- WHAT IS NEEDED -
Keeping pictures out of the copy, restate each record word for word.

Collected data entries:
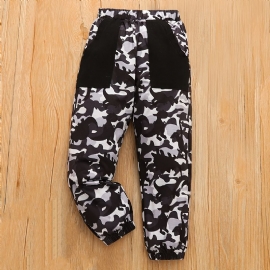 Gutter Casual Camouflage Pocket Front Elastisk Midje Sportsbukser Klær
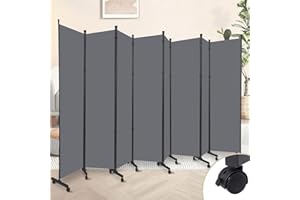 HOMSCREENER Room Divider 8 Panel Room Dividers/Wheels, Fabric Room Divider Panel for Office Room Partitions and Dividers, Portable Partition Wall Divider for Room Separation, Flexible Privacy Screen Indoor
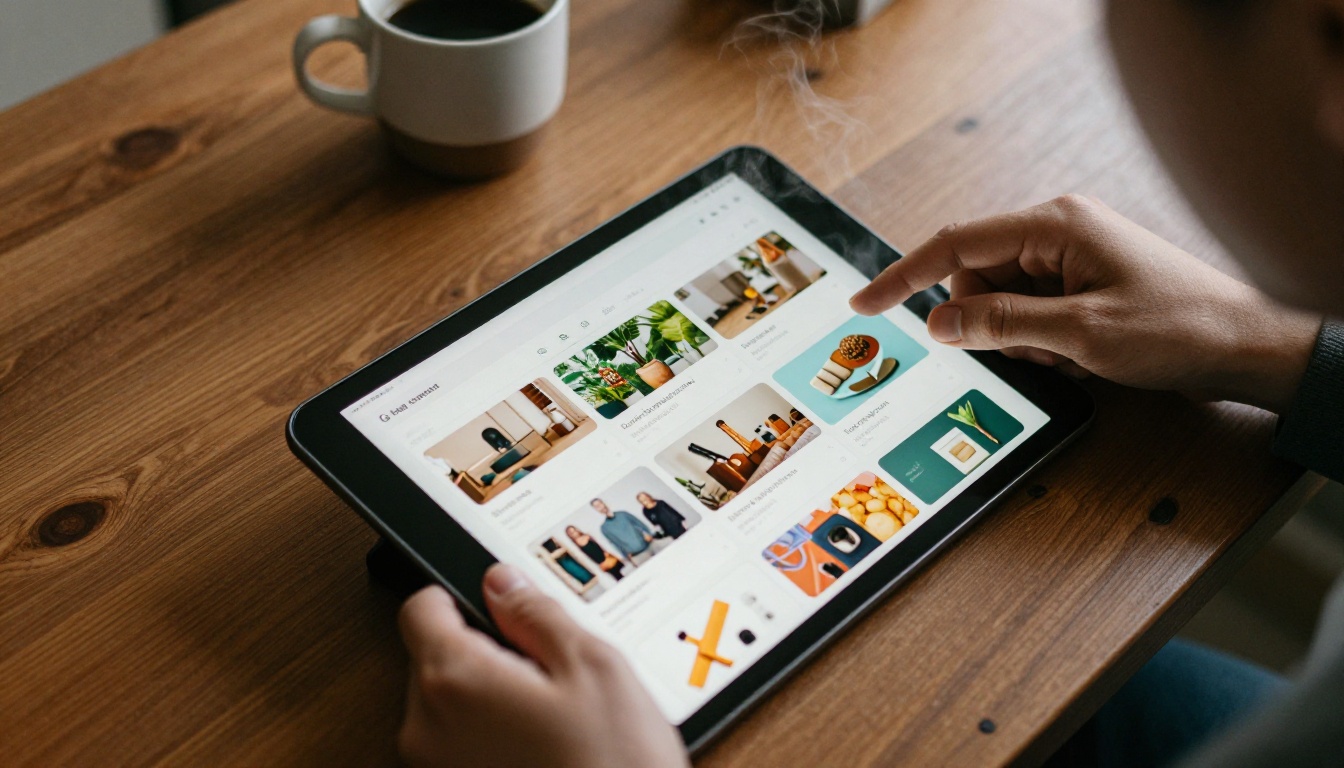 Hands scrolling through tablet showing interactive digital flipbook pages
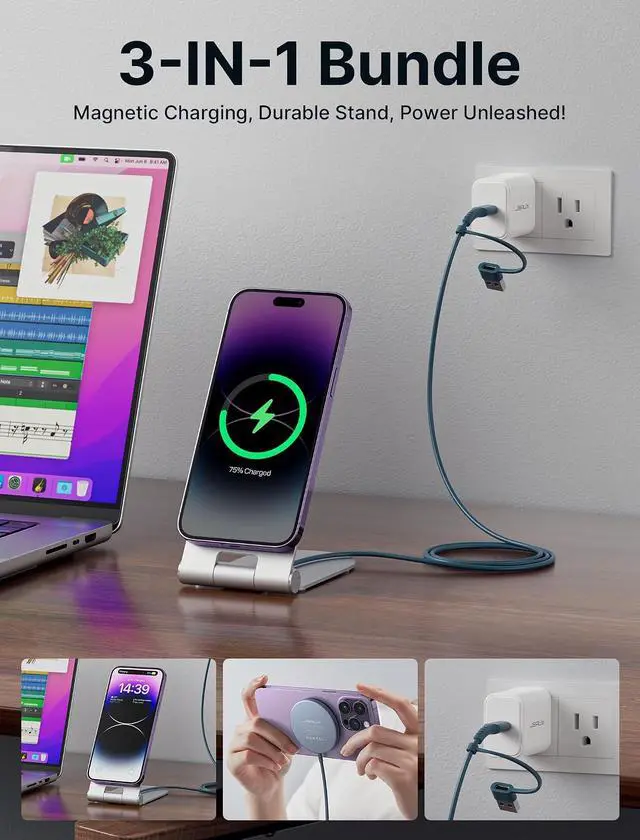Alt view image 3 of 7 - Magnetic Wireless Charger Compatible with MagSafe Charger iPhone 16/15/14/13/12 Series, Wireless Mag Safe Charging Pad (Blue) with 20W PD Adapter and Desktop Stand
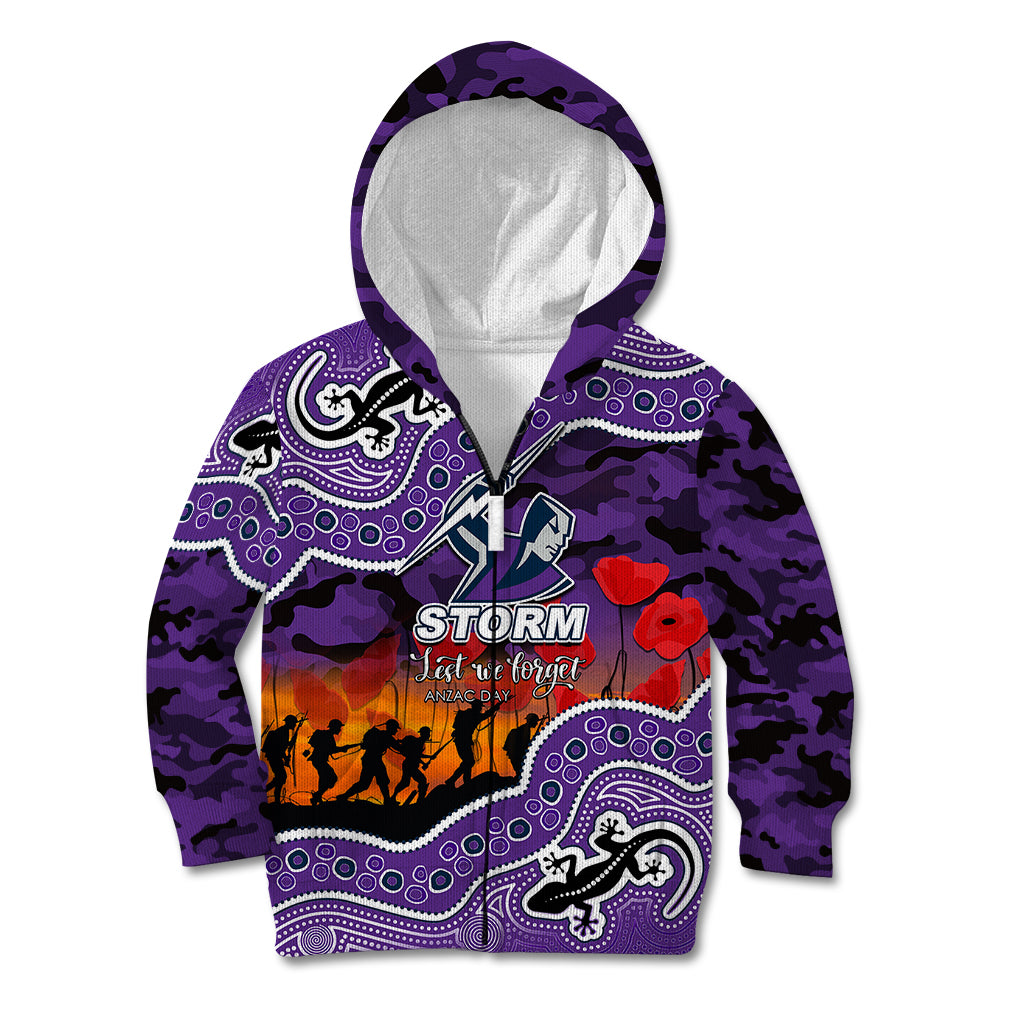 custom-personalised-anzac-day-nrl-storm-kid-hoodie-aboriginal-lizard-patterns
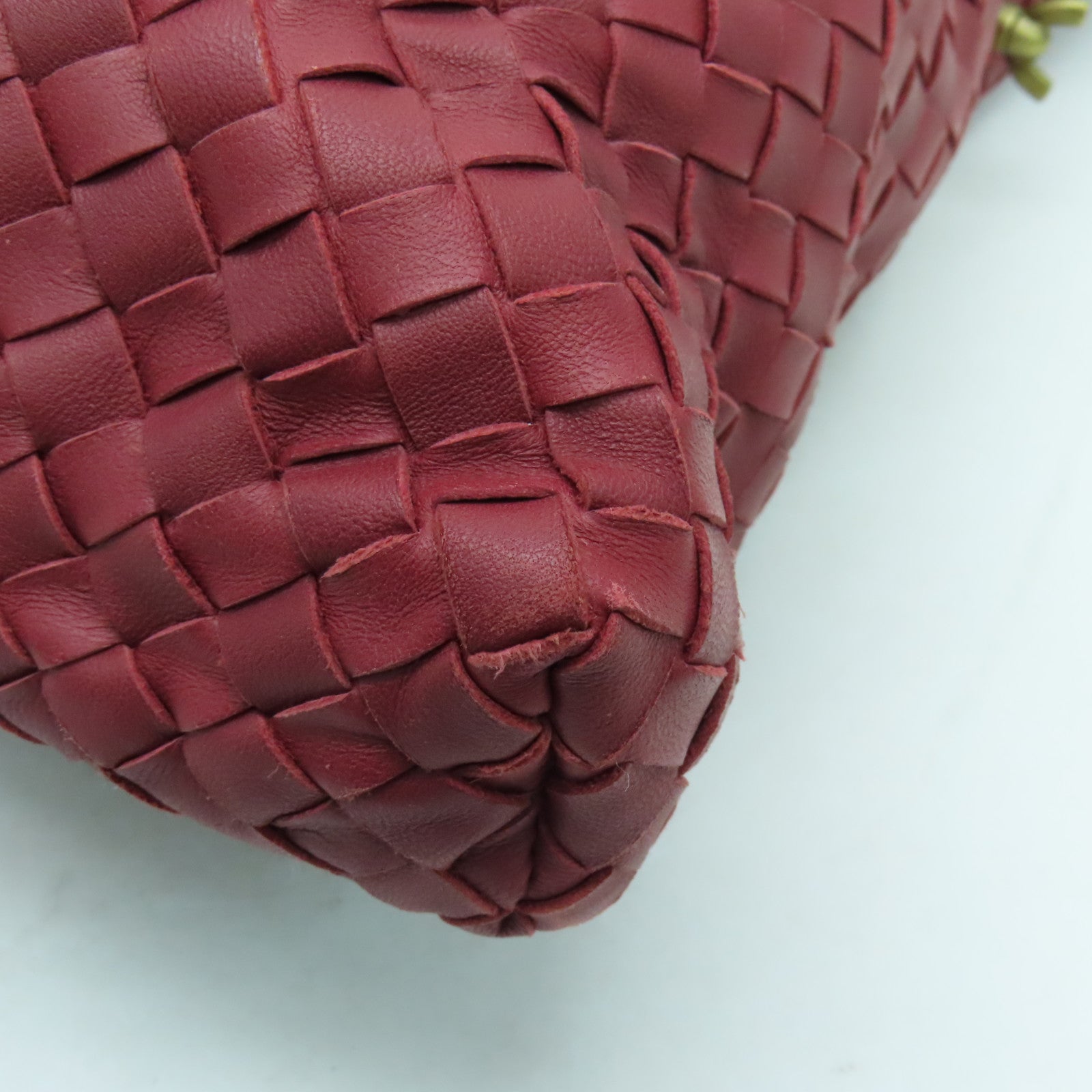BOTTEGA VENETA 織紋皮革2way Shoulder Bag金扣手挽肩背兩用袋紅色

- YOUR SOLUTION -
 Gutter Casual Camouflage Pocket Front Elastisk Midje Sportsbukser Klær
 HOMSCREENER Room Divider 8 Panel Room Dividers/Wheels, Fabric Room Divider Panel for Office Room Partitions and Dividers, Portable Partition Wall Divider for Room Separation, Flexible Privacy Screen Indoor
 Hands scrolling through tablet showing interactive digital flipbook pages
Alt view image 3 of 7 - Magnetic Wireless Charger Compatible with MagSafe Charger iPhone 16/15/14/13/12 Series, Wireless Mag Safe Charging Pad (Blue) with 20W PD Adapter and Desktop Stand
 custom-personalised-anzac-day-nrl-storm-kid-hoodie-aboriginal-lizard-patterns
BOTTEGA VENETA 織紋皮革2way Shoulder Bag金扣手挽肩背兩用袋紅色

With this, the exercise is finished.